Methodology to define hydrocarbon potential in a shale reservoir based on geochemical data and well logs
The office U.S. Energy Information Administration (EIA) has suggested significant volumes of hydrocarbon resources in unconventional Shale type reservoirs, which happens to be very interesting nowadays.
The complexity of these reservoirs, along with the high level of risk during the exploration stage, and the lack of laboratory data, are challenging for an adequate estimation of hydrocarbon volumes in shale reservoirs. An innovative methodology to estimate prospective resources on a Shale reservoir is proposed in this paper, based on petrophysical and geochemical data from well logs, such as porosity, hydrocarbon saturation, TOC (total organic content), gas content, thermal rock maturity, clay fraction, thickness, rock density, etc, all of them using Monte Carlo simulation.
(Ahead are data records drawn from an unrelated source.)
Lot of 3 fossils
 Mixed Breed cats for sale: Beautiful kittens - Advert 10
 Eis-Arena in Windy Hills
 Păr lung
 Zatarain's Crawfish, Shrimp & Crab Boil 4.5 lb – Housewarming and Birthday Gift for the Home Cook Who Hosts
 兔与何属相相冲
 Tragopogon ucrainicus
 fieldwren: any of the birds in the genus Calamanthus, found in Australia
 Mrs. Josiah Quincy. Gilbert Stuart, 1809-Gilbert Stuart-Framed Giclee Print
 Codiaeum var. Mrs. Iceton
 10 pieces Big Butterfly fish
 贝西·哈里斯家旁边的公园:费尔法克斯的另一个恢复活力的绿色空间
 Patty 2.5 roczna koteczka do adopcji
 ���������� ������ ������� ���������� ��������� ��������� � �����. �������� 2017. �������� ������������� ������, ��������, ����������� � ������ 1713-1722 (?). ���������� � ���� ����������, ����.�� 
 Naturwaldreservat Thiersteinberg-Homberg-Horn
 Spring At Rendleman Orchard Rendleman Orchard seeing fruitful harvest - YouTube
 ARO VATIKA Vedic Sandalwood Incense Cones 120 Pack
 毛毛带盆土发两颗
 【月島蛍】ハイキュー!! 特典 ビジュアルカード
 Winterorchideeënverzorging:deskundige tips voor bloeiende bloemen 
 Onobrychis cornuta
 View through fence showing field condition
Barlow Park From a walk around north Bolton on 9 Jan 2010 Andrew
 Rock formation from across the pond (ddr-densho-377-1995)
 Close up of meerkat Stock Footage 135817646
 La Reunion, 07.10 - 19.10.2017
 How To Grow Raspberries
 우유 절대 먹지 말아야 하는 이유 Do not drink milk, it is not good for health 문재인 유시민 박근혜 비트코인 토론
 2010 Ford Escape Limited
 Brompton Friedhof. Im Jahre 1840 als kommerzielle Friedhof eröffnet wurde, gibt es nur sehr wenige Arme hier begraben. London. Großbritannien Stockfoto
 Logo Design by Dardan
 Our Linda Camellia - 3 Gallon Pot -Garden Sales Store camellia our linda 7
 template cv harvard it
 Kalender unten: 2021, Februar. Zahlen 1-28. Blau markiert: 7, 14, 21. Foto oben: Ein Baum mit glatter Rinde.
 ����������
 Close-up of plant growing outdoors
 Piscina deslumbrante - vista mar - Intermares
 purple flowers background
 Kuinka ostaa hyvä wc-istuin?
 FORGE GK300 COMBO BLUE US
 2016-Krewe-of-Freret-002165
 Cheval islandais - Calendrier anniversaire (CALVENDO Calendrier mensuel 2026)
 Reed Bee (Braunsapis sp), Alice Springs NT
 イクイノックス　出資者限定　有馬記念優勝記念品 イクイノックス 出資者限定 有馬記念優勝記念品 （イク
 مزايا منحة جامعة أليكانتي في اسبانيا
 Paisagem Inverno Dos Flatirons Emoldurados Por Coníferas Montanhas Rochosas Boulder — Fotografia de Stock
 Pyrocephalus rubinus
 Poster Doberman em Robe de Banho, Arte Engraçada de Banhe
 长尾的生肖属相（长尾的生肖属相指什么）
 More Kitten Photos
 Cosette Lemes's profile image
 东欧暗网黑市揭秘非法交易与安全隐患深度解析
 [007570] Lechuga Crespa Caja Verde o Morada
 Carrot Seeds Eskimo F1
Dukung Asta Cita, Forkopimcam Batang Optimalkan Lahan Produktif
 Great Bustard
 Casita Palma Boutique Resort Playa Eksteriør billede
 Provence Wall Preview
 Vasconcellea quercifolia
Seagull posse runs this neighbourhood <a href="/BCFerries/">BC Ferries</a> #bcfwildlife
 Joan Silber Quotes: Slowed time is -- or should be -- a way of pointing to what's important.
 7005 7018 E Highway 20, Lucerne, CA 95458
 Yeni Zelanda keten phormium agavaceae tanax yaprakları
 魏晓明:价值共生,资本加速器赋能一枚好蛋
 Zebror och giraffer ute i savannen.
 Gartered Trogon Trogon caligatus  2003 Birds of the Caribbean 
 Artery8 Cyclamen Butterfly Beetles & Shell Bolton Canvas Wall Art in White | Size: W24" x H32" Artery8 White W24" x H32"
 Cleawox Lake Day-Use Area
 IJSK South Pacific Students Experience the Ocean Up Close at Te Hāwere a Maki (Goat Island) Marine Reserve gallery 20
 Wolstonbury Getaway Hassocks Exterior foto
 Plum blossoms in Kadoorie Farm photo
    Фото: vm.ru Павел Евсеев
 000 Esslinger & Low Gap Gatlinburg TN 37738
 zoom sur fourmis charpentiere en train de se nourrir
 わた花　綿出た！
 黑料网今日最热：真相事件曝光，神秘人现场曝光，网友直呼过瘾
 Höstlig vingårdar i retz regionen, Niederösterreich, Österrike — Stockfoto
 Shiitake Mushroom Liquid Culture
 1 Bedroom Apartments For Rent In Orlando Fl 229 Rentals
Further, this paper proposes a new way of interpreting petrophysical data to obtain a clearer view of reservoir characterization, especially Brittleness, which is of great relevance to define the potential of fracturing and hydrocarbon production. The methodology was applied to the Tablazo Formation in the Middle Magdalena Valley Basin (MMVB) in Colombia. The results show a total best estimate of oil in place (OOIP) of 51 637 Bls/acre, gas adsorbed in place 39.72 Mcf/acre, and free gas in place of 177.18 MCF/acre. Comparing these results with those obtained by applying other methodologies, the best estimates of oil in place is 146 933 Bls/acre, gas adsorbed in situ 40.57 MCF/acre, and free gas in place of 504.07 Mcf/acre. Data reported in the literature, on the same area, corroborate these results.
To conclude, with this methodology a new approach is achieved for estimating prospective resources in Shale reservoirs with better results using the Monte Carlo simulation.